So, Intel GPUs (Talking about GEN12 here, I don't really know others) has several "engines" that are responsible for different things. There's a Render Engine, responsible for the GPU things, a Display Engine, responsible for display controller things, Media Engine, responsible for media things, and Copy Engine, responsible for various memory operations.

The Render Engine is the most relevant for a GPU driver, with the Display Engine being relevant for display stuff. Both have registers memory mapped at BAR0, documented in an Intel PRM. Each engine has its own PRM volume.

Each engine has a power well that controls if it's enabled or not. Intel GPUs use a hardware scheduler called "GuC" that runs signed firmware which has to uploaded on setup to be used. You can do software scheduling, but nobody tests it and very little is known about how to do it (if at all).

So, you have to figure out how to init the engines you wanna use by poking the registers (the offsets of each register as well as their format and meaning are documented thankfully, though the docs are pretty poor). The Render Engine has several "Command Streamers", which accept pointers to buffers containing command streams. There's RCS, which is the general command streamer (Render Command Streamer), also a CCS (Compute Command Streamer) which only accepts compute jobs.

The Render Engine implements both "3D" commands (rendering), and "GPGPU" commands (compute). Differentiating between both of those is done thru commands - 3DSTATE_ commands for setting up 3D things, for example (which are disallowed in CCS).

There's a bunch of commands needed to prepare info about the job being submitted, to configure the state, to load the shaders, configure the memory mappings to the shaders...

The shader itself is once again just a pointer to GPU memory.
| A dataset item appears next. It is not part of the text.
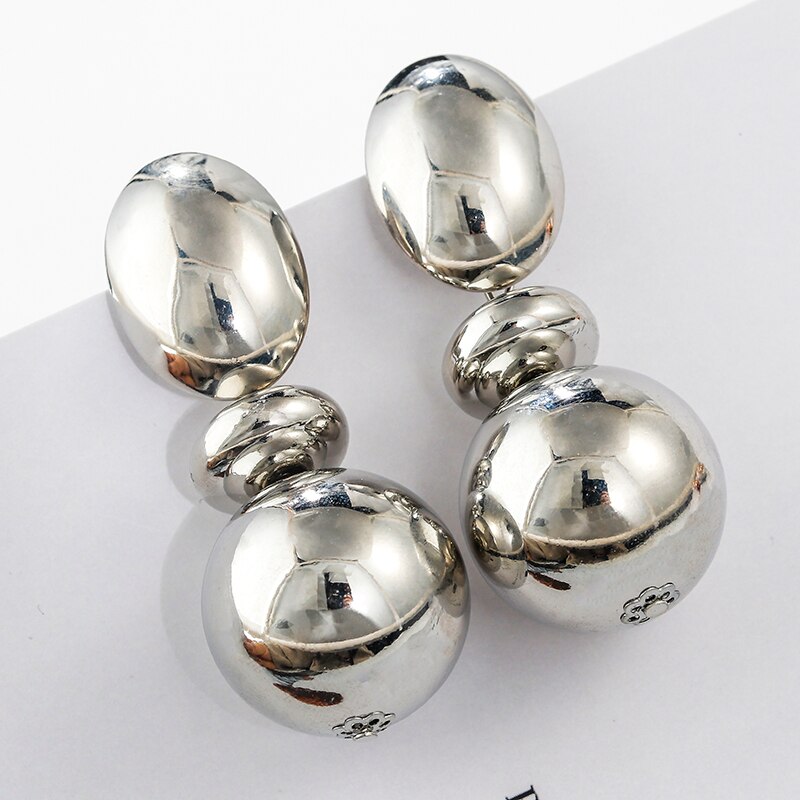 AENSOA Punk Metal Ball Gold Color Big Earrings For Women Girl Statement Earrings Wedding Party Jewelry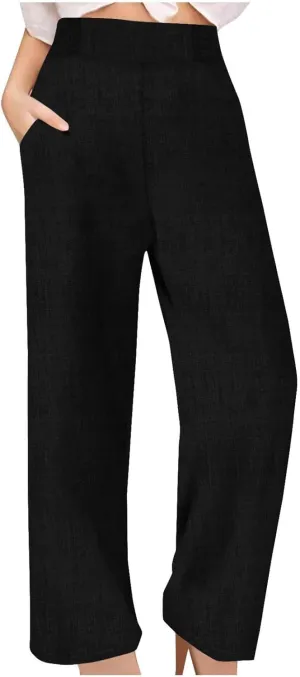 TARIENDY Beach Pants for Women Petite Women's high Waist Wide Leg Trousers Summer Casual Outfits Elastic Pants with Pockets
The GEN12 ISA is effectively SIMD with widths up to 32, a general register file that's 128 * 16 "words" long + a few special registers, an explicit way of synchronizing instructions (because there's integer and float instructions, which are executed in parallel), and a special feature in the hardware for accessing the GRF in weird ways, called "register regions" (see https://www.intel.com/content/www/us/en/developer/articles/technical/introduction-to-gen-assembly.html)